[ARM] Enable mixed types in ARM CGP

Previously, during the search, all values had to have the same
'TypeSize', which is equal to number of bits of the integer type of
the icmp operand. All values in the tree had to match this size;
meaning that, if we searched from i16, we wouldn't accept i8s.
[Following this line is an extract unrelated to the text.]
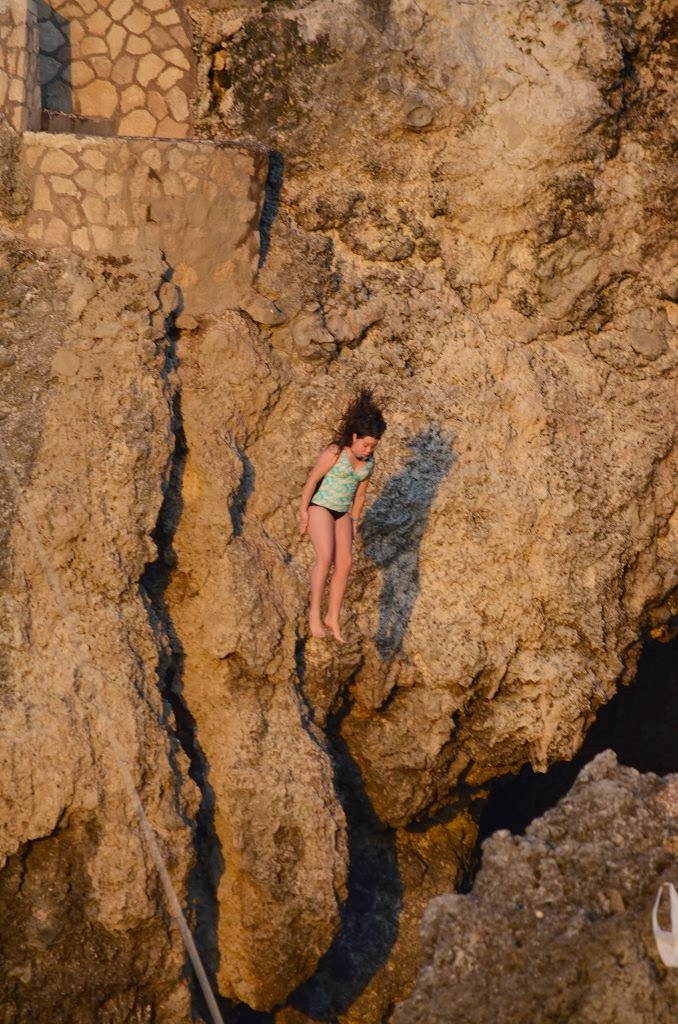 Brave-heart Photo by Trisha Field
A
change in type size requires zext and truncs to perform the casts so,
to allow mixed narrow types, the handling of these instructions is
now slightly different:

- we allow casts if their result or operand is <= TypeSize.
- zexts are sinks if their result > TypeSize.
- truncs are still sinks if their operand == TypeSize.
- truncs are still sources if their result == TypeSize.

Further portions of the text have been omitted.